Un’attenzione particolare merita la Bambina in azzurro (Fillette en Bleu del 1918), che è anche l’opera che identifica l’evento e che rappresenta una bambina di circa dieci anni dal vestitino azzurro pallido come la tonalità del muro retrostante. La tenerezza della postura, la testa reclinata, le mani congiunte in grembo. Una fragilità nascosta e il senso di disagio infantile, sebbene sapientemente mascherato, nel tenere la posa in un equilibrio forzato. Vertiginoso il pavimento che rispetto alle pareti è fuori prospettiva, l’angolo nascosto dalla figura e la grande ombra riflessa sul muro quasi a sottolineare una solitudine assordante, l’azzurro che sovrasta e i rossi delle labbra, delle guancette tonde, dell’orecchio seminascosto dai capelli, il bianco del colletto in pizzo sangallo e gli stivaletti neri, lucidi, quasi sospesi alla ricerca di una pur minima profondità. Unico vanesio vezzo infantile, da donna che cresce, è il fiocco del nastro rosso sopra la testa. Tutto crea un magistrale contrasto piacevole allo sguardo. I colori dell’anima.

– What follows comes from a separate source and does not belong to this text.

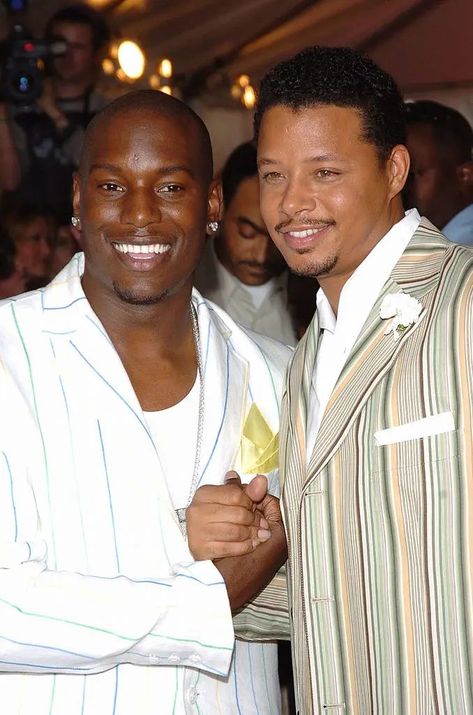 BuzzFeed Tyrese Gibson Recalls Losing Roles To Terrence Howard Terrance Howard, Tyrese Gibson, Terrence Howard, Black Hollywood, Man On The Moon, Hip Hop Culture, Family Affair, Man Candy, Back In The Day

E poi cosa dire di “Jeune fille rousse” del 1919, gioiello in mostra che ritrae Jeanne Hébuterne, donna innamorata, al tempo stesso forte e fragile. Quella piccola ciocca di capelli che sporge e scende sulla guancia vicino all’occhio sinistro sembra rendere vivo lo sguardo che trasuda amore e passione. La pennellata di Modì è piena d’amore, amore e regole, ma regole da abbattere, non regole da seguire. E soprattutto la sua pennellata precisa fa emergere l’anima del soggetto ritratto. Jeanne, una donna che lo invoca, lo vuole, lo vuole ad ogni costo, lo ama, lo ama al punto di non lasciarlo mai più. Quell’uomo di quattordici anni più vecchio le ha rubato l’anima e lei gli si dona incondizionatamente. «Dici che la felicità è un angelo dal viso severo. Va bene Modì, per te smetterò anche di ridere». Quando l’artista muore quella donna dalla pelle bianchissima e dai capelli castani, particolare contrasto che le era valso il soprannome di “Noix de Coco”, non sopporterà di vivere senza di lui. Quella donna dagli occhi azzurri come il mare, alla quale non importa essere l’ombra del suo amato e che perdona i tradimenti, le sbronze, le promesse non mantenute, la vita di stenti che condivide, non sopporta di vederlo morto in quel letto d’ospedale. Il sole non è più sole, la vita non ha più colore. La sua vita non ha più senso di esser vissuta, senza Modì. Ne muore la ragione stessa. Jeanne ha detto che non avrebbe mai lasciato il suo amore. Quando è arrivato il momento di mantenere la promessa si uccide gettandosi dalla finestra dell’appartamento dei genitori che si trovava al quinto piano, morendo sul colpo insieme al bambino da lei portato in grembo che da lì a pochi giorni avrebbe partorito.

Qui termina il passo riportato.